Because demographic analysis is generally considered to be the preferable method of population measurement, it is considered to be the standard by which the census is judged when the two are compared with respect to the level of population. With regard to race and ethnicity distributions, however, the following analysis will show that the error associable with undercount is relatively small when compared to the differences which can be introduced by differing classification systems. Because of the difficulty and the empirical impact of issues related to racial and ethnic classification, the focus of this paper cannot be on which source is correct, but rather it must be the degree to which NCHS and the Census Bureau are consistent with one another. During the research that went into this paper it became clear that the issues which most affect this consistency are mixed parentage and treatment of missing values. Consequently, the following analysis compares the race and ethnicity distributions in the MARS data to those in demographic analysis populations constructed under a variety of assumptions regarding mixed parentage and treatment of missing values.

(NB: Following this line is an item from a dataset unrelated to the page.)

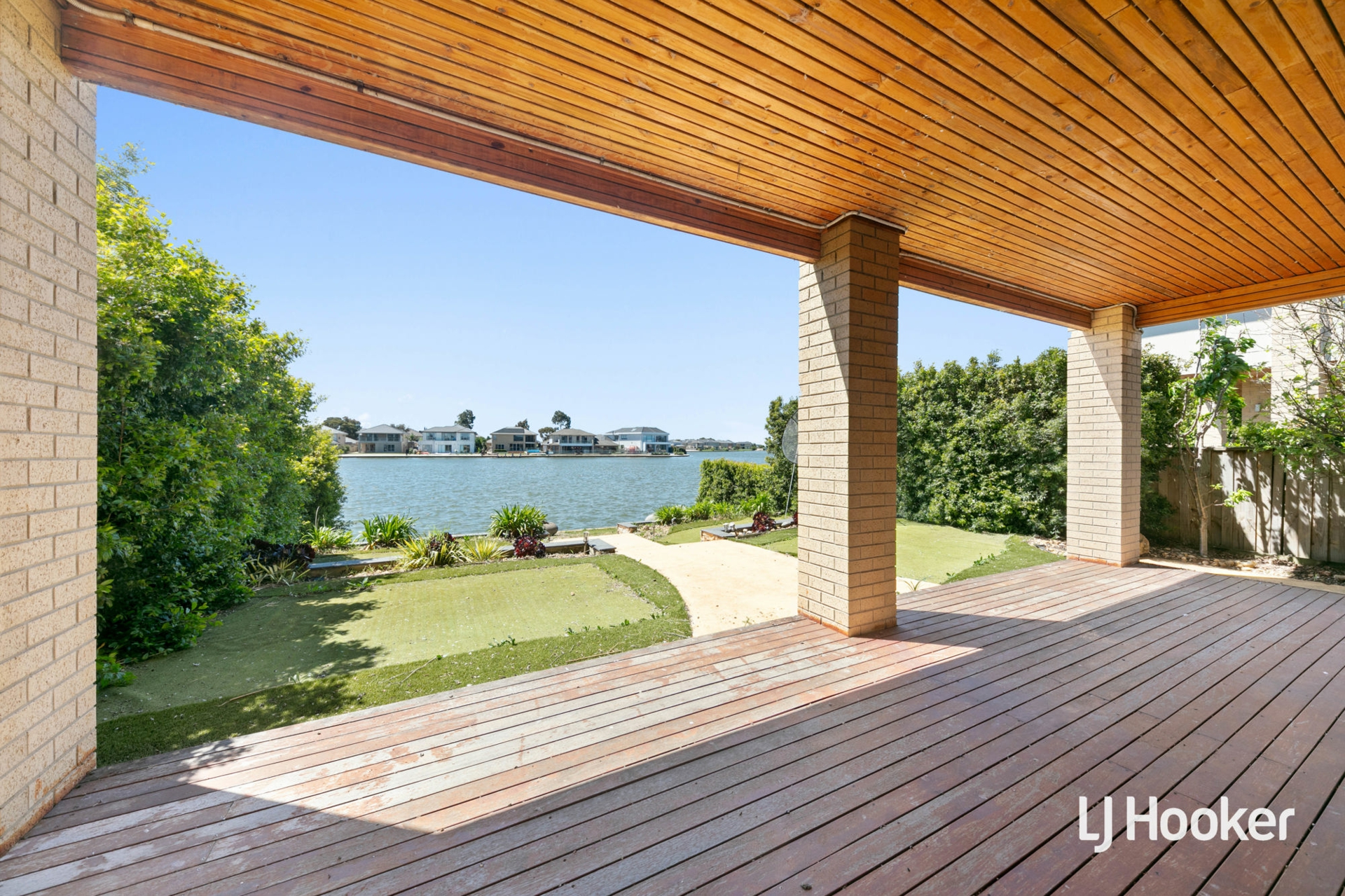 193 Sanctuary Lakes South Boulevard — photo 19 of 22
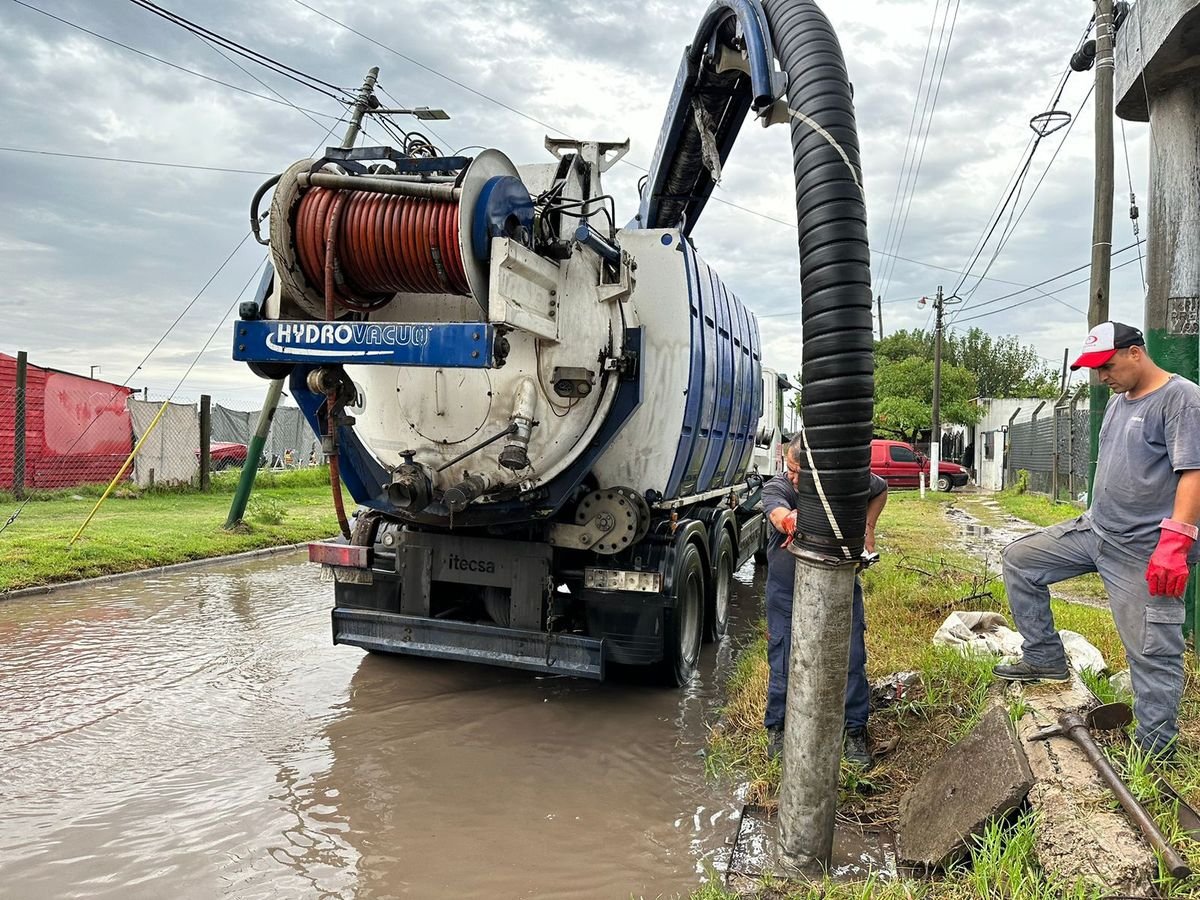Almirante Brown: los equipos del Municipio trabajan en la calle tras el temporal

To measure the degree of comparability between the two sets of estimates, I use the mean absolute percent error (MAPE), which in this circumstance involves computing 100*abs(MARS-DA)/MARS for a given racial or ethnic group [where abs() refers to the absolute value function, MARS denotes the proportion of the MARS population in the group in question, and DA denotes the corresponding proportion from the demographic analysis population], and taking the mean of this quantity over all the groups in the comparison. This calculation effectively treats the MARS distribution as the standard in this comparison, because the demographic analysis distributions are being altered experimentally to investigate the circumstances under which they will and will not resemble the MARS distributions.